Wild Ride to Nowhere: The Giant 5

The “Giant 5” – Apple, Microsoft, Amazon, Alphabet, and Facebook – had another good day on Friday, with their combined market capitalization rising by 0.6% to another new high of $6.64 trillion, continuing a spike that started on March 16 and now measures 62.2%. In dollar terms, five stocks gained $2.54 trillion in less than four months.

Since January 1, 2017, my “Giant 5 Index” has soared by 184%, or by $4.3 trillion, with two sell-offs or crashes or whatever in between.

Even these days, when trillions fly by so fast that they’re hard to see, that’s still a huge increase in market value of just five companies in the span of three-and-a-half years (market cap data via YCharts):


The market capitalization – the number of shares outstanding times the current share price – of the Giant 5 has reached a breath-taking magnitude:

Apple [AAPL]: $1.66 trillion
Microsoft [MSFT]: $1.62 trillion
Amazon [AMZN]: $1.60 trillion
Alphabet [GOOG]: $1.05 trillion
Facebook [FB]: $699 billion.

How big are they compared to the entire stock market?

And I mean the entire US stock market, and not just the S&P 500. The Wilshire 5000 Total Market Index tracks all 3,415 or so US-listed companies.
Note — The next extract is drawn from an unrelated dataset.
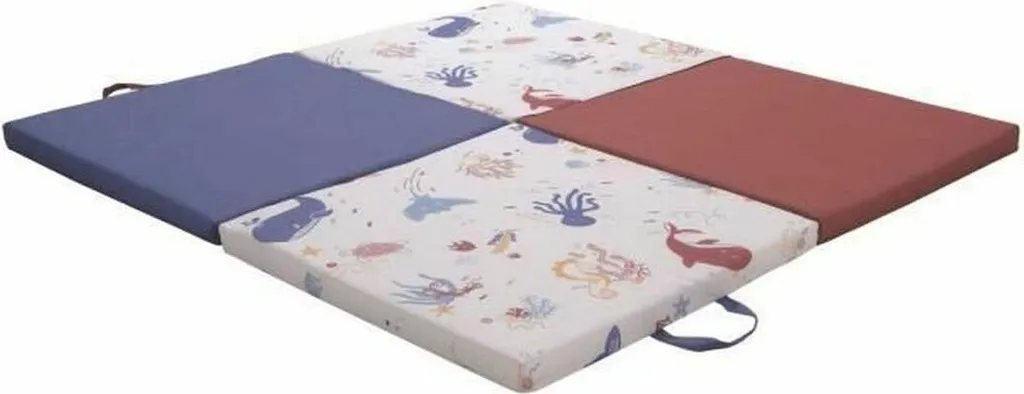 Tapis de sol bébé Tineo 120x120 cm : protégez et amusez votre enfant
And the market cap of all those companies combined rose today to $32.47 trillion, up 44.4% from its crisis low on March 23.

But as the shares of the Giant 5 have surged, the weight of the Giant 5 in the overall stock market has spiked from 17.5% on June 8 – that date will crop up again in a moment – to 20.4% today, and has more than doubled since January 2017, when the Giant 5 accounted for an already amazing 10% of the Wilshire 5000 (Wilshire 5000 data via YCharts):


On June 8 – here’s that date again – the stock market hit a Crisis high. The S&P 500 closed at 3,232, and the Wilshire 5000 at 32,936. As of Friday’s close, both the S&P 500 and the Wilshire 5000 remain below those June 8 levels.
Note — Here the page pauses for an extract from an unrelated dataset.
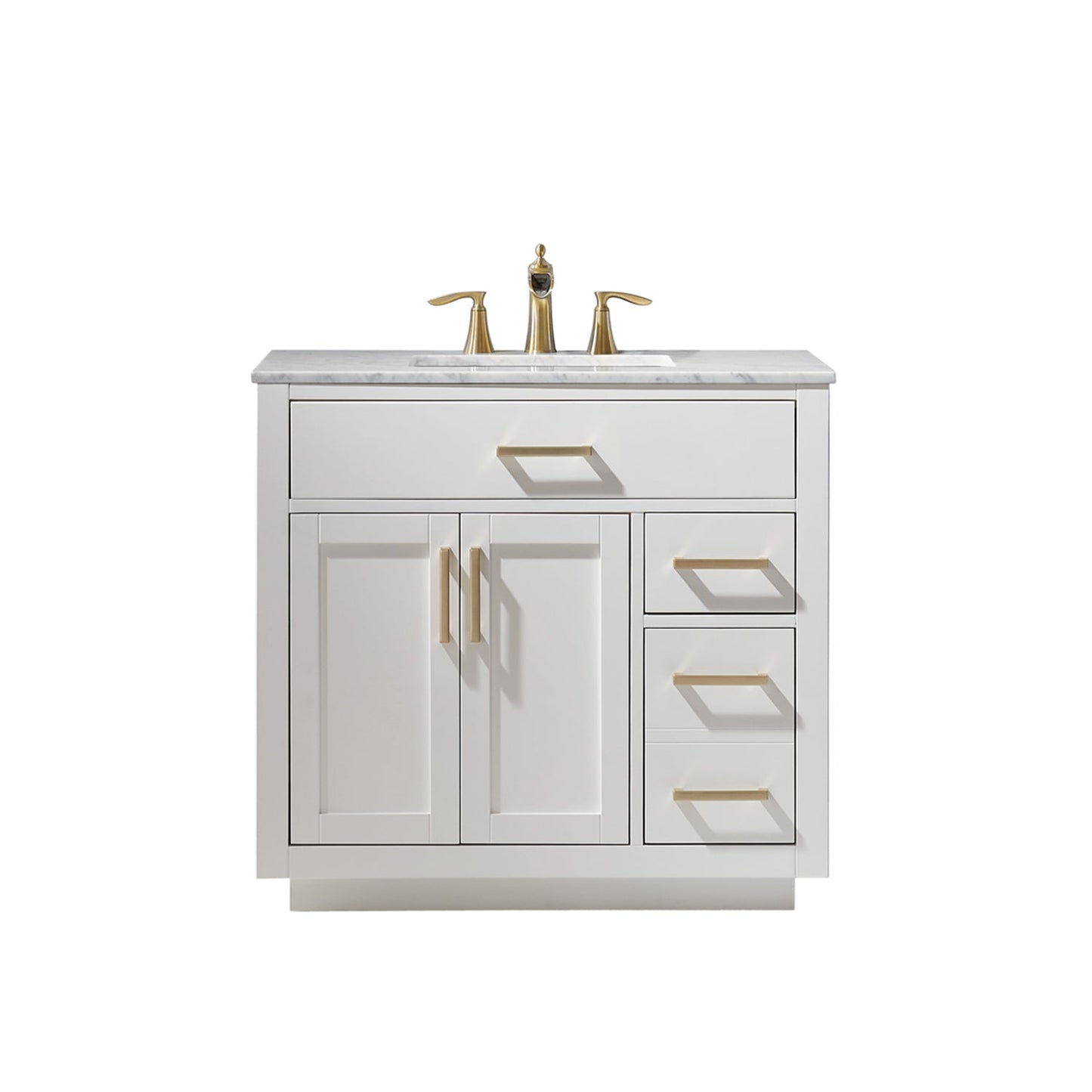 Ivy 36" Single Vanity with Top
But the Giant 5 Index, which was at $5.78 trillion on June 8, has since surged by 14%, to $6.6 trillion.

While the rest of the market has declined, the Giant 5 have surged. And, this surge in the Giant 5 obscured the decline in the rest of the market.

In other words, without the Giant 5, the rest of the market combined was a dud. And this is what has been happening for years!
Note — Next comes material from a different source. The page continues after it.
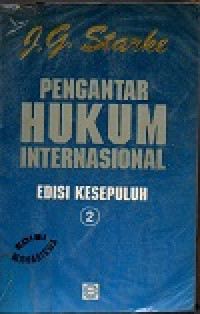 Image of Pengantar hukum internasional 2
The Market Minus the Giant 5.

To see how the rest of the market is performing without these five stocks, I have created the “Wilshire 5000 minus the Giant 5 Index.” This shows what’s left of the entire stock market of 3,415 stocks, after removing these five giants.

The “Wilshire 5000 minus the Giant 5 Index” closed at $25,836 trillion today, still down 10.9% from the peak on February 19. Over the same period, the Giant 5 have soared 18.7%!

From the bottom in March, the “Wilshire 5000 minus the Giant 5” has surged 40.6%. The Giant 5 Index has skyrocketed 62.2%!

The “Wilshire 5000 minus the Giant 5 Index” is down 5.2% from June 8; down 10.9% from the high in February; down 1.2% from September 2018; and it’s just a tad below where it had been on January 26, 2018.

In other words, the rest of the stock market – all its winners and losers combined – without the Giant 5 and despite the horrendous volatility has gone nowhere since January 2018:


A miserable savings account would have outperformed the overall stock market without the Giant 5, and would have done so without all the horrendous volatility of the two sell-offs. Just five stocks whose market values have soared beyond imaginable magnitude pulled out the entire market.

And that’s a scary thought – that this entire market has become totally dependent on just five giant stocks with an immense concentration of power that have now come under regulatory security. And just as these stocks pulled up the entire market, they can pull down the entire market by their sheer weight.